After being informed of the allegations, Meier announced that he was taking a six-month leave from his firm.
Laura Trimble Eldogan told the Times that in 2009, after she was hired to be Meier’s assistant, he invited her to his apartment “to celebrate.” As Robin Pogrebin writes in The Times, Meier “showed [Eldogan] photographs of naked women he had taken and then asked her to undress.”
Two other former employees of Meier’s firm have attested that Meier exposed himself to them in his New York apartment. One of these women, Stella Lee, described the incident in an interview with The Times, while another, Alexis Zamlich, was barred from speaking about her alleged experience due to a confidentiality agreement. Former co-workers cited in The Times’s article claimed that Zamlich received a $150,000 settlement from Meier’s firm; Pogrebin writes that the legal settlement also “required the firm to hold sexual harassment training.”
A fourth woman, Judi Shade Monk, told Pogrebin that in 2003, Meier put his hand on her backside, over her dress, and “started to roll [her] underwear around in his fingers” at the firm holiday party.
The fifth alleged victim, Carol Vena-Mondt (who did not work for Meier’s firm, but met him through his work on the Getty Center) says that in the 1980s, Meier invited her to a dinner party that turned out to be a guise — Vena-Mondt was “the only guest.” Vena-Mondt described a harrowing encounter with Meier in which he forcefully attempted to kiss her, then dragged her towards his bedroom.
“He pushes me on the bed and lays down on top of me while I’m twisting and pushing him away and saying, ‘No, no, no,’” Vena-Mondt told the Times. “I’d never had anything like this happen. I was pretty aggressive about telling him no, but he wasn’t listening.”

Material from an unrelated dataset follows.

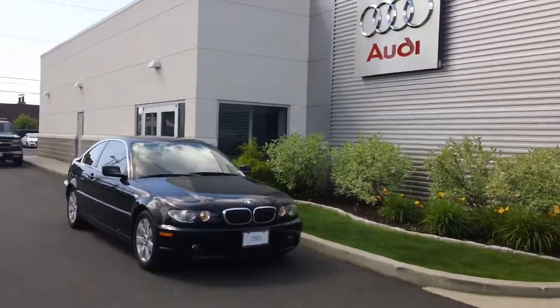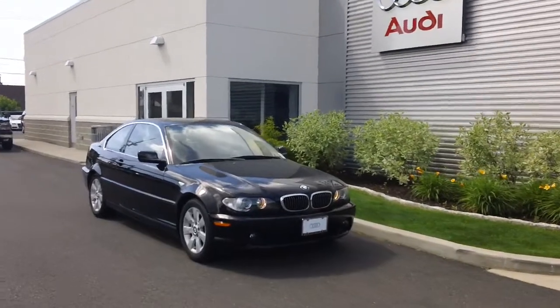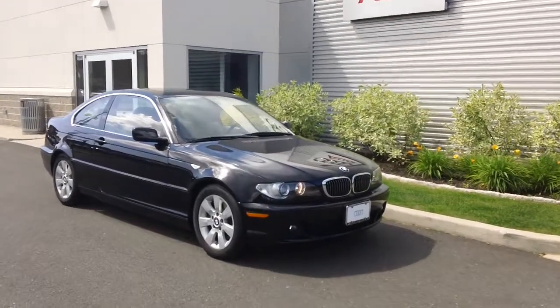Hi Carl, this is Fernando from Audi of Fairfield. I got an email from Adrian French that said you were interested in this BMW 325ci, so I thought what better than a picture but a video. So here she is.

She told Pogrebin that she eventually escaped to her car and locked her doors. “I got the car started, got to the bottom of the long driveway, stopped and just sat there in my car crying and shaking,” Vena-Mondt said.
According to Pogrebin, after The New York Times confronted Meier with the allegations, he announced he would take a six-month leave from his firm and issued a statement: “I am deeply troubled and embarrassed by the accounts of several women who were offended by my words and actions. While our recollections may differ, I sincerely apologize to anyone who was offended by my behavior.”

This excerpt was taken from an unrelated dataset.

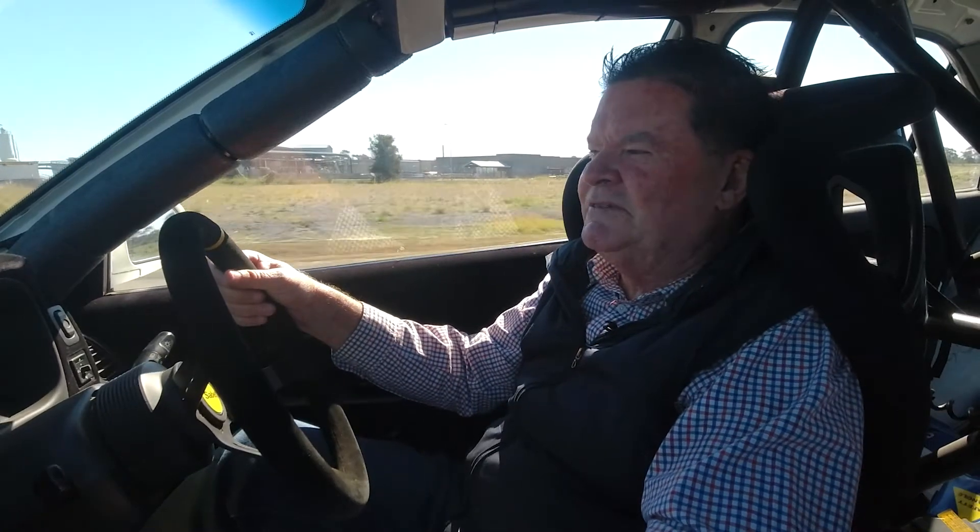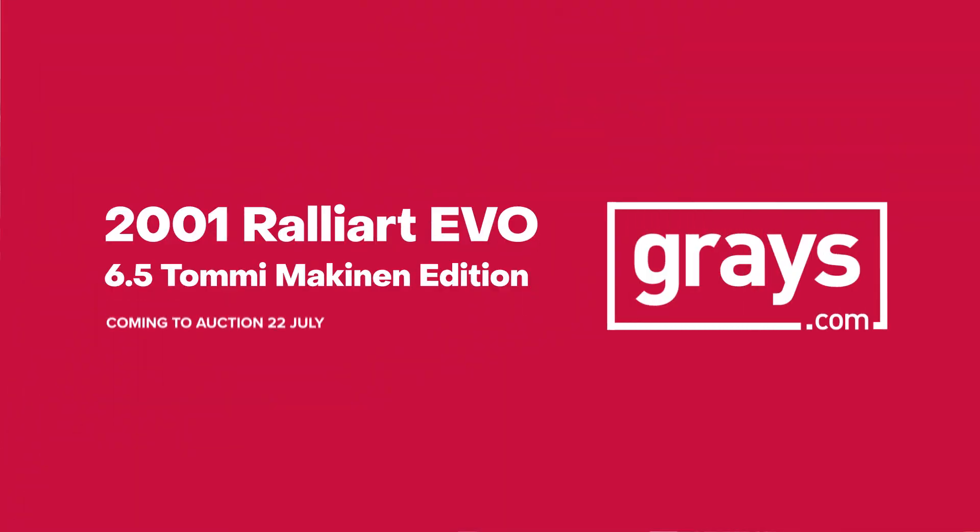If you'd like some more information, give us a call on 1300 Classic or shoot us an email to classic@grays.com.au.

Following The Times’s reporting on the allegations, Sotheby’s closed an exhibit of Meier’s collages and silk-screens that had opened on February 28. The exhibit was supposed to run until March 28. The auction house said in a statement, “Under the circumstances, and in consultation with the Meier family, the decision has been made to close our exhibition early.”
In addition, Cornell University refused a financial gift from Meier. Kent Kleinman, dean of Cornell’s College of Architecture, Art and Planning, told the Cornell Daily Sun, “I am deeply disturbed to learn of the allegations of sexual misconduct by Richard Meier, which were reported in an article in today’s New York Times … We will swiftly explore what additional actions are appropriate.”